Versions of this article are reproduced at webcitation.org/5eUbMEWbi and 5eUcD08Sg.

08 July 2008

U.S. Independence Day 2008

 I wrote on the GLYNY Again Reunion Board how I spent my Independence Day:

The fireworks were pretty blah this year. I viewed them from a rooftop party on the Lower East Side, but the windless, overcast weather meant the smoke from each burst stayed in its place and blocked the view of successive bursts. And it only lasted about twenty minutes with no spectacular finale. If the right-wing fanatics can blame gays for AIDS and the California earthquake because we supposedly incited God’s wrath, then I blame the U.S. government’s evil ways for inciting Mother Nature to remove the spectacle from the Independence Day festivities.
—Untitled post in thread “Happy 4th of July Weekend,” The Official GLYNY Again Reunion Board, 5 July 2008

 Nonetheless, I had a great time. Thanks to Dr. Charles and APANY for the great party. I saw many old friends and met many new friends, but I would be remiss if I did not mention the Web log authors I met there: I Need You, Babe a.k.a. Greg, Richard and comedian Sean Graham: Leader of the Chucklenauts.

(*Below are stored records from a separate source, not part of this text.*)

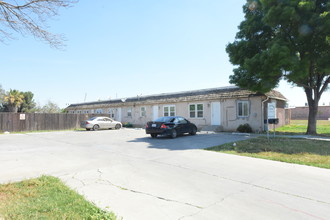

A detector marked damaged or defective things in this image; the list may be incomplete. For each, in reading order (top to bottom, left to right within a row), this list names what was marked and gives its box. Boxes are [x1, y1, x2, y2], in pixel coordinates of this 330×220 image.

cracked pavement [0, 130, 330, 219]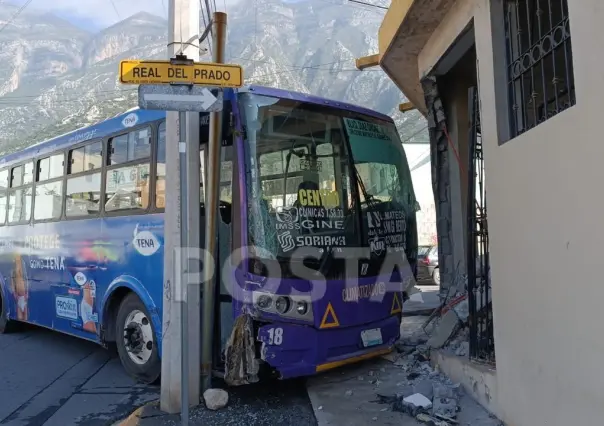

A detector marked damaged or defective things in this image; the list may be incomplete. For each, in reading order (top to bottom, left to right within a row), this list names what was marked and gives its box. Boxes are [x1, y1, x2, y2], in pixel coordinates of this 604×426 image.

damaged bus front [224, 87, 418, 382]
broken concrete block [424, 310, 462, 350]
broken concrete block [204, 390, 230, 410]
broken concrete block [412, 382, 432, 402]
broken concrete block [432, 398, 456, 418]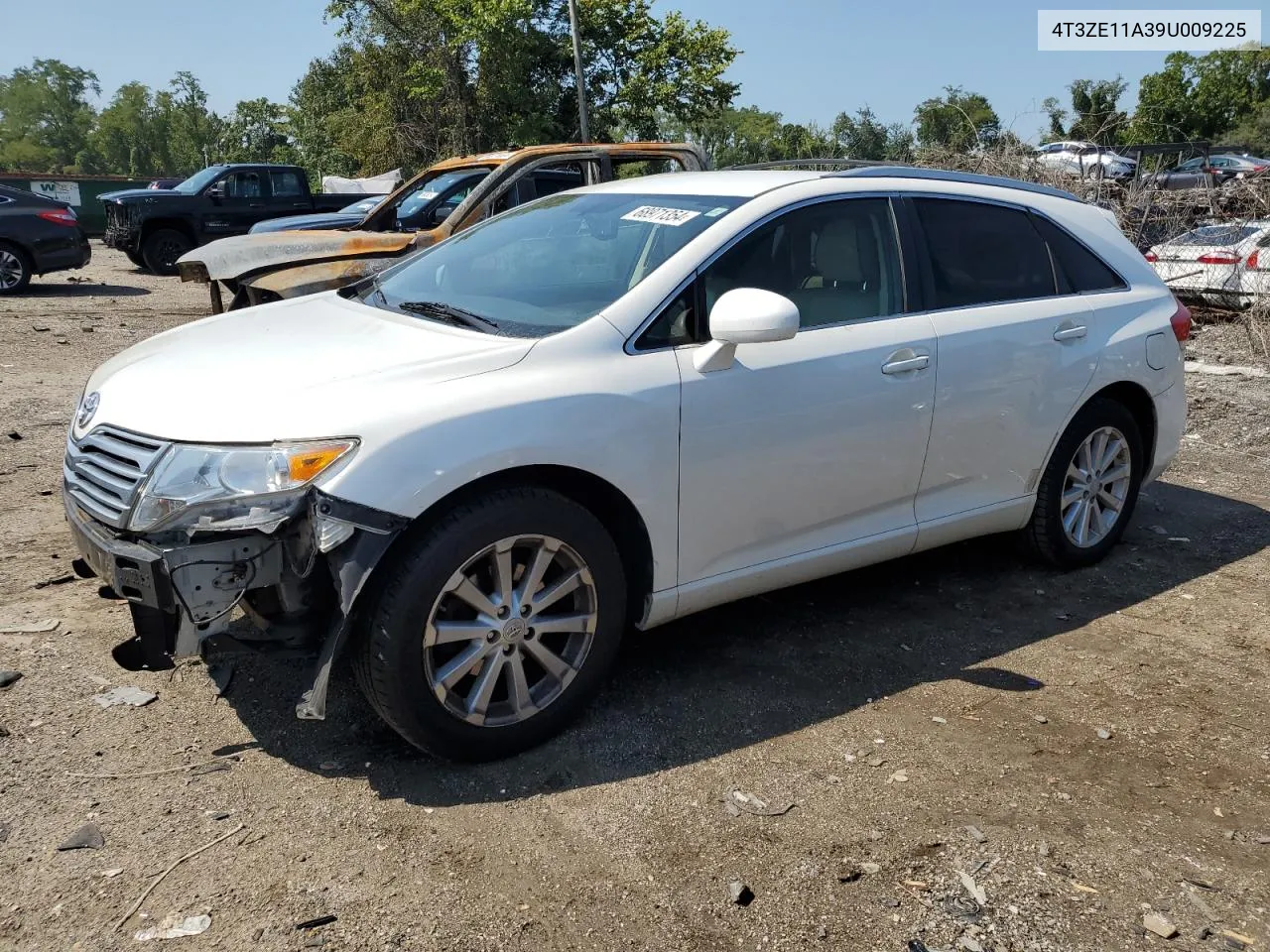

Update (9 July): My friend Andrew was also at a rooftop party on the Lower East Side, albeit a different one, and described the fireworks similarly:

it was amazing. we were seriously right under all the fireworks. all the car alarms on the street were going off from the loud noise. it was kool but the smoke from the fireworks wasnt clearing fast enough so it was alittle blocked. it still was amzing.
—Andrew Jonas, “And the Rockets Red Glare…,” Andrew MySpace Blog, 5 July 2008.

A version of this article is reproduced at webcitation.org/5kYviTskE.

08 June 2008

Jewish roots of the song “Rich Girl.”

 I first noticed the 1993 recording “Rich Girl,” by British duo Louchie Lou & Michie One, when I heard it played at the Basement Bhangra parties I attended at the dance club S.O.B.’s in the late 1990s. I was immediately struck by the surprisingly Jewish elements of a West Indian dance hall record.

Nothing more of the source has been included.